Mike from [ Southeast Shootout] previews the Florida Panthers for us:


Divsion: Southeast
2006-07: (35-31-16) 86 Points
Playoffs: No dice

Player to watch:

Olli Jokinen
(39G-52A-91P)




Hi, I’m Beinfest4Prez from the Panthers Daily Puck and the Southeast Shootout. In the real world, I go by Mike. However, my penname comes from my favorite baseball team, the Florida Marlins and their wise (some might say, genius...at least more than Dave Littlefield!) general manager, Larry Beinfest. I was born and raised in South Florida and have been raised on hockey since I could remember. I’ve been around just a few years more than the Panthers (4 to be exact) and they played their first home game ever on my fourth birthday. Its been a love affair ever since.

Offseason

The Florida Panthers finished with 86 points in the 2006-07, again improving the point total (albeit by one point) from the previous season to the next. However, even another December to April run by the Panthers and Eddie the Eagle was not even enough to save them from the horrors of Alex Auld and November (rumors abound that Alan Cohen and the managing board of the Panthers are petitioning Gary Bettman to remove the month of November from the NHL schedule; No word on the NHL’s response, yet). As Olli Jokinen and Co. sat down for another long off season, there was a sense in the community that perhaps, the Panthers finally had a level headed GM with a plan. There were inklings of this throughout the 2006-2007 hockey season. Limiting players like Chris Gratton’s playing time due to inability to catch up to the new NHL, bringing up David Booth, and trading away Gary Roberts for one of the Penguins own rising stars, Noah Welch.

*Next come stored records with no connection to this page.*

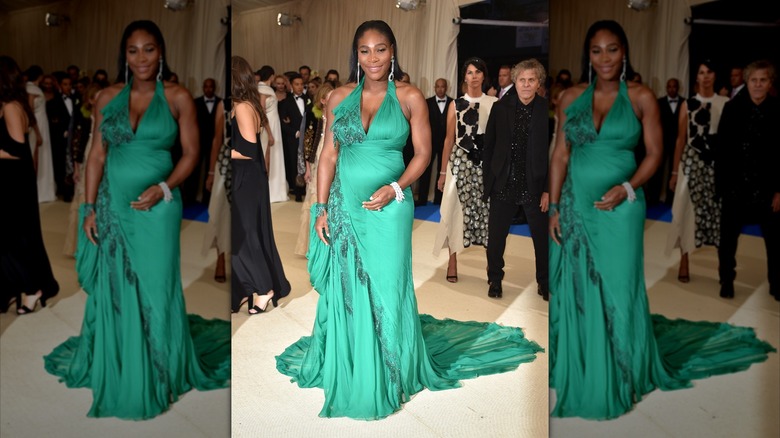 Serena Williams at the 2017 Met Gala in a green dress with a train and beading on one side.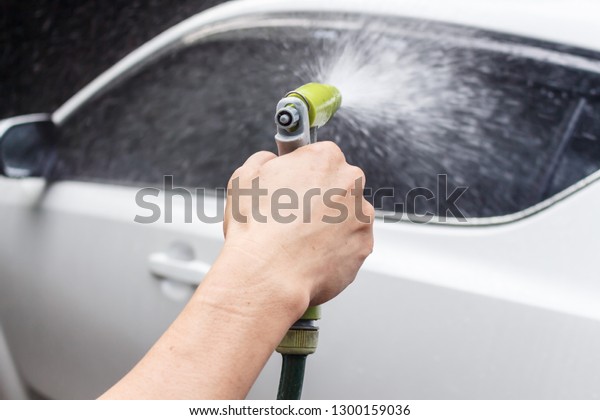 Asian male washing\
car in the garden - Image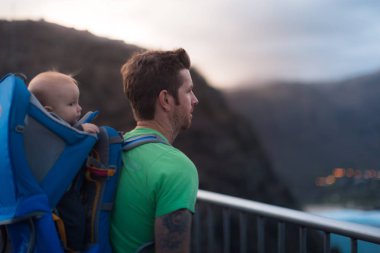Manzaraya bakan bir dağın tepesinde duran bir uyum yürüyüşçisi. Çocuklarla egzersiz yapmak. Seyahat.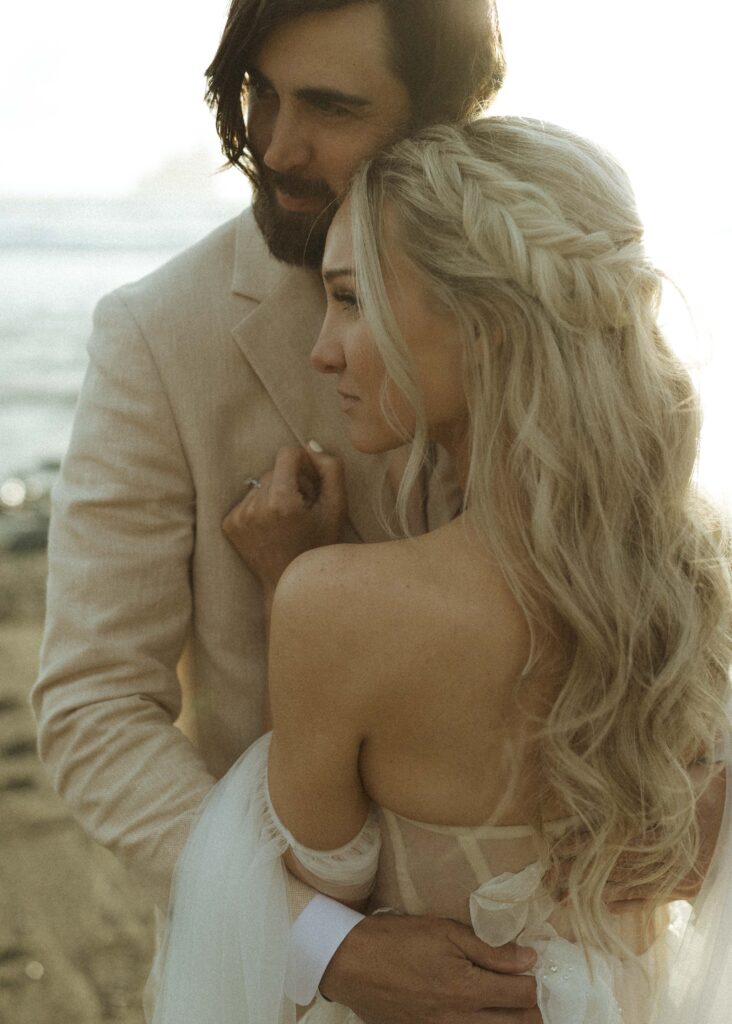 bride and groom taking photos for their elopement 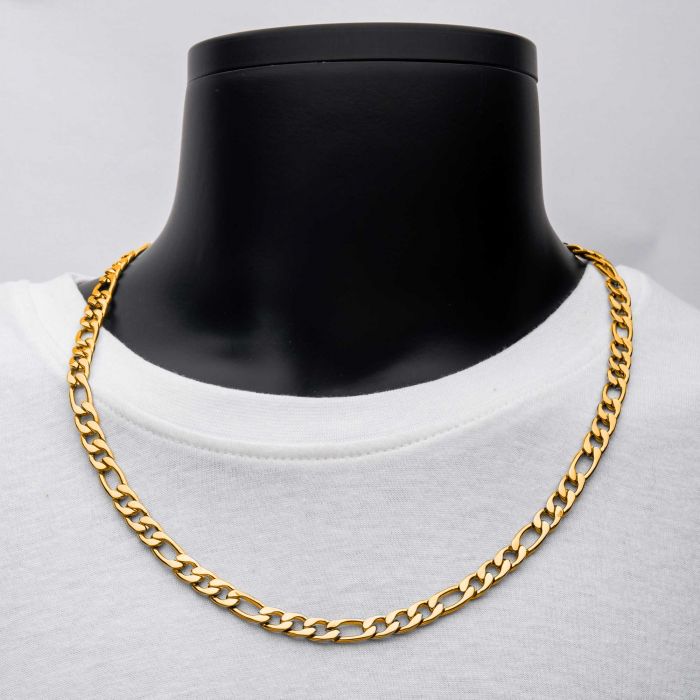 The 8mm 18K Gold Plated Figaro Chain by INOX is elegantly displayed on a black mannequin bust with a white t-shirt. This men's necklace, measuring 22 inches, features an elegant design with interlocking links.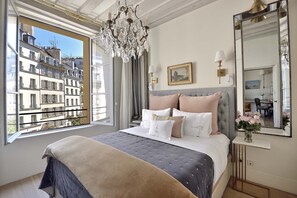 Wake up to the pretty views of Place Dauphine from the bedroom window.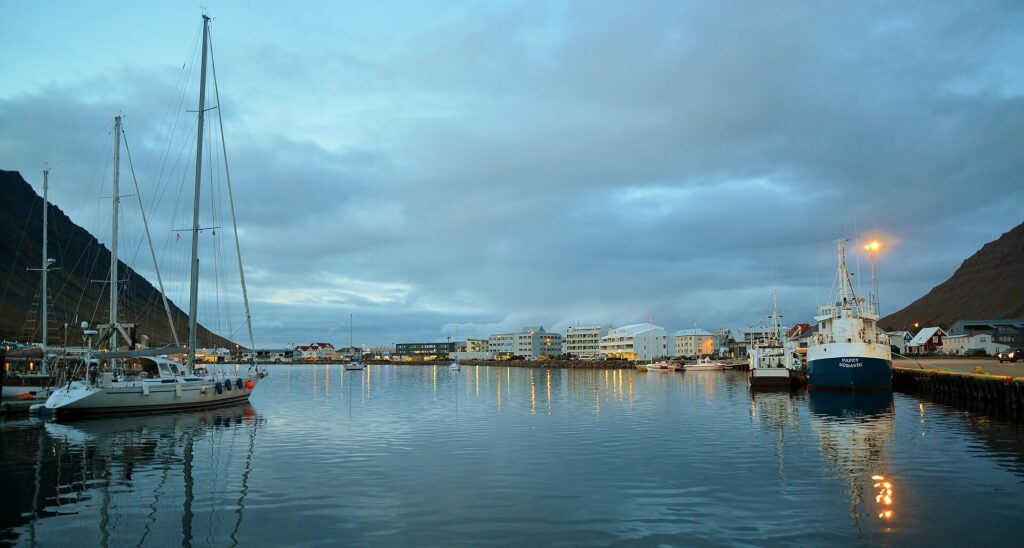 Ísafjörður harbour at blue hour, with waterfront buildings and boats near the town centre where Dokkan Brugghús is located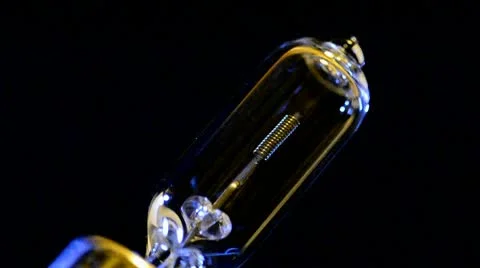 Tungsten light bulb going on &amp; off Stock Footage 10573069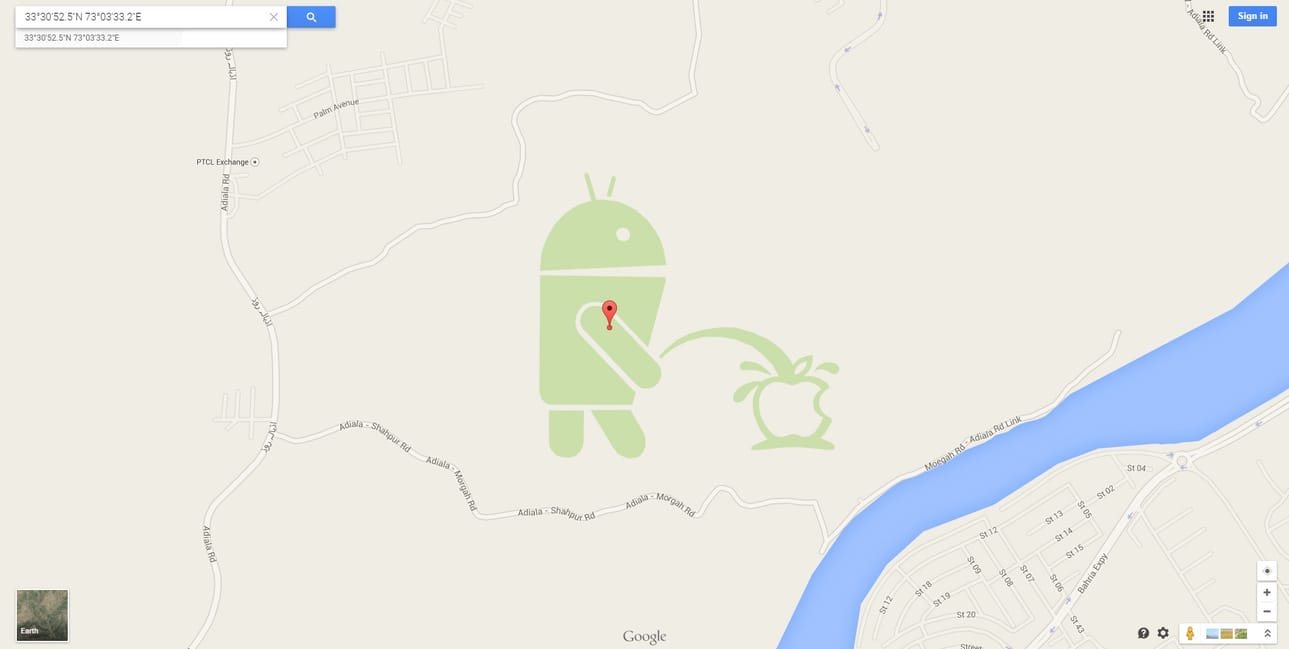 Androidin robottimaskotti virtsaa Googlen kartalla Applen päälle.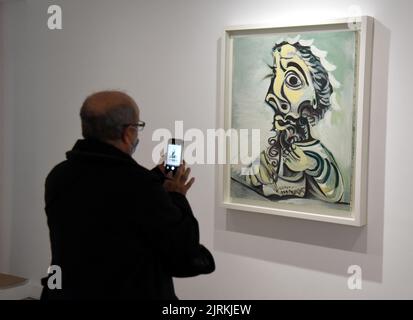 Paris (Frankreich): Das Picasso-Museum im 3.. Arrondissement. Mann, der mit seinem Smartphone ein Bild eines Gemäldes macht, „Bust of man Writing“ Stockfoto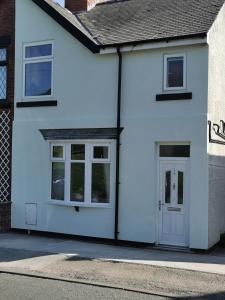 uma casa branca com portas e janelas brancas em A Bird House em Belper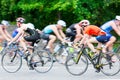 Triathletes ride speed cycles back and forth during triathlon competition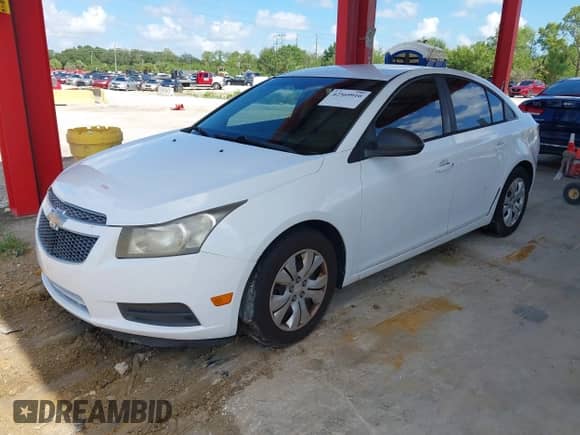 2013 Chevrolet Cruze LS with VIN 1G1PB5SH8D7124340, listed as a IAAI auction lot 42569910 with 249,425 mi miles and . Bid and sale history available at DreamBid. Image 2.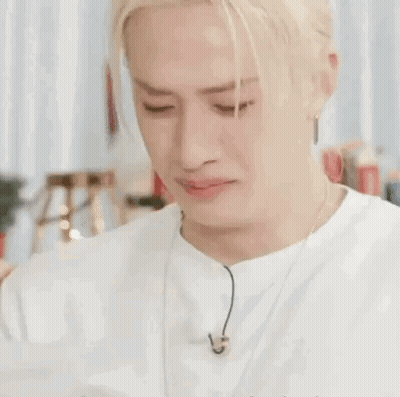A Close Up Of A Man 'S Face With His Eyes Closed . GIF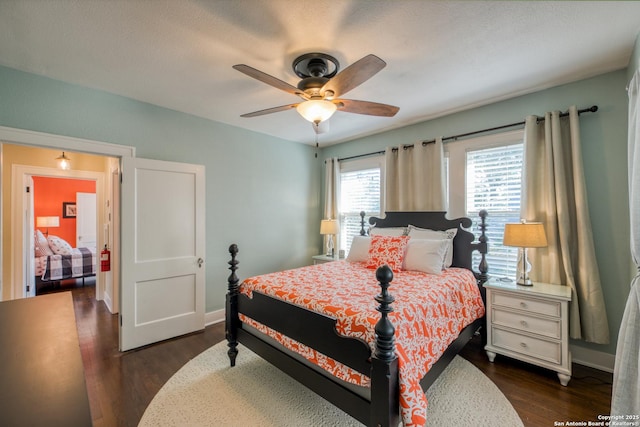 bedroom featuring ceiling fan, baseboards, and dark wood finished floors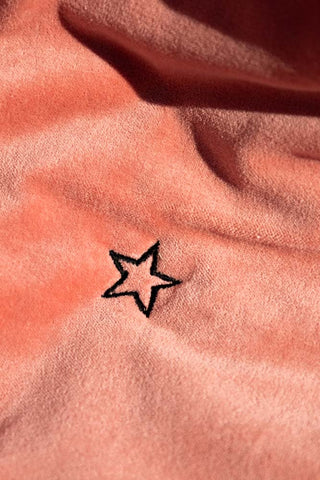 Detail shot of the star design on the Black & Pink Velvet Tiger Reversible Quilt.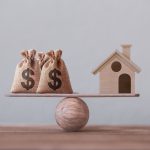 US dollar hessian bags with house paper model on a wood balance scale. Home loan, reverse mortgage concept, Depicts a homeowner or a borrower turns properties into cash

There was a clear need for the Panthers this offseason:

  • Get a good goalie.
  • Lock-up the core players to long term deals.
  • Add speed, grittiness, and depth to the roster.
  • Draft a bluechip defense prospect, and whatever else you can get.

    As the Panthers sister team, the Anaheim Ducks, marched to Stanley Cup glory (and thereby, ensuring the Cup spends another summer in the Sun Belt!) Jacques Martin, Randy Sexton, and all the boys set out to make their mark on this long suffering fan base’s thirst for stability and the playoffs.

The Panthers had several UFAs after the season ended. Among them included Jozef Stumpel, Ed Belfour, Martin Gelinas, and Ville Peltonen. The first domino to fall on the UFA list was Panthers forward Ville Peltonen. After a slow start last season, Peltonen became one of the more solid players on the team and showed the team they had a secret weapon (well, besides Steve Montador!) in shootouts. Pelts boasted 17 goals and 20 assists along with plus 7 rating. Most of his success came later in the year as he became more comfortable in the North American style and was finally healthy of his dislocated shoulder, suffered in training camp.

Quietly for the rest of May and the start of June, the Panthers began negotiating on a long term deal for the key core players identified by Martin, Sexton, and key offseason front office signing, Joey Nieuwendyk. Defenseman Bryan Allen, who paired with Jay Bouwmeester, would at times dominate opponents for long stretches when on the ice together. It was clear after the season ended that Bryan was a key component and the only validation left to trading away Roberto Luongo. In the middle of June Bryan signed for a 5-year deal worth about 14 million. Later on the same day, the Panthers traded Chris Gratton to the Tampa Bay Lightning for several draft picks. Not much more than a week later, Nathan Horton, who had again set new career highs in all his stats (31 goals, 31 assists, +15) signed for a 6-year deal worth $24 million, proving that not all GMs in this league are just there to throw money at bodies.

June 22nd, the evening of the 2007 draft: Several rumors are flying around attaching the Panthers to trading for players such as San Jose backup goaltender, Vesa Toskala and Anaheim backup goaltender, Ilya Bryzgalov. However, using a couple of the second round draft picks gained through trades (Bertuzzi to Detroit; Gratton to Tampa) and a first rounder in 2008, the Panthers picked up Nashville star goaltender, Tomas Vokoun. When the news broke, cheering erupted at the Panthers Draft Party. With a swift stroke, Jacques Martin had righted the wrong of the evil taskmaster, Mike Keenan.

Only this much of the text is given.